You can see photos of mycaps here:
http://joeprinz.dotphoto.com

So how's abour CDE? I measure 62v across the caps so 75v would be enough right?

Technical/Catalog Information 338-1221-ND
Standard Package 25
Category Capacitors
Family Electrolytic
Vendor Cornell Dubilier Electronics (CDE)
Capacitance 30000µF
Voltage-Rated 75 V
Tolerance ±20%
Series DC
Package / Case Screw Terminals
Packaging Bulk
Features Computer Grade
Maximum Temperature 85°C
Lead Spacing 22.20mm
Lead Free Status Lead Free
RoHS Status RoHS Compliant
Other Names 338-1221
 
No, stay with 100vdc!

Technically, you are correct that the 75v units would work. However, the problem is their upper limit is too close the the unit's operating voltage and they would be short lived as a result.

Better to go with the 100vdc units so you have some cushion and aren't pushing them right at their max working voltage limit.

Don't worry about the "audiophile" grade caps. For small signal caps, they matter. For large filter caps, IMHO it doesn't matter.
 
Hi Joe,
Steve is 100% correct here. Stay with the 100V caps.

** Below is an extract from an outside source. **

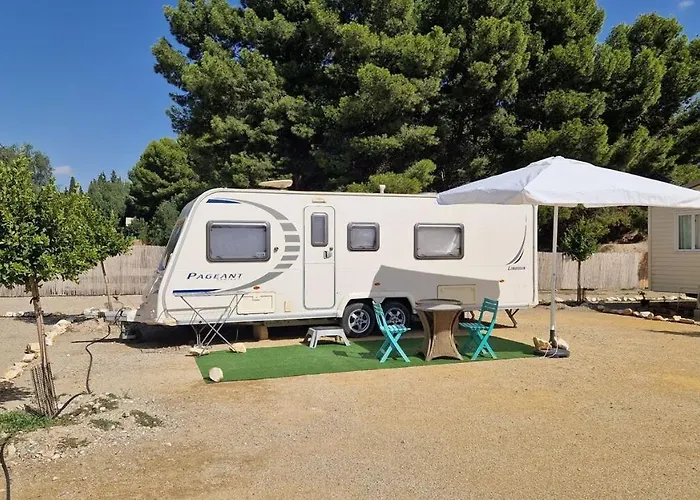 Camping Albox 营地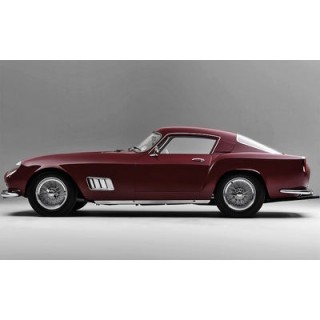 Quicksilver Ferrari 250 GT Tour De France 1956–59 Edelstahl-Auspuff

You have both temperature and voltage added to high ripple current (that you plan to increase). Make sure you select capacitors rated for high ripple current and temperature.

-Chris
 
I would go with as much capacitance as a 75 volt rating
will allow. Don't worry, it will probably last another 30 years.

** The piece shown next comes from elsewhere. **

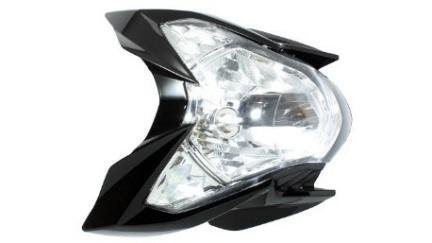 FARO C/BISEL NEGRO 250Z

If you are concerned about the inrush surge, use a thermistor
in series with the AC line. I use CL60's for this sort of application
and you can go to CL40 if you want (see the Digikey catalog
under Keystone Thermistors). The bridges will be fine and the
whole thing will run quieter.

😎
 
Thanks Mr. Pass and all.. I think I will go with the thermistor.. I noticed lots more current on startup with the bias getting up there... to get it to hit 45c I have to go to about 115mv dead cold on the emitter measured bias.. the 2amp fuse ain't cuttin it anymore. So I can order those at the same time as the caps anyway.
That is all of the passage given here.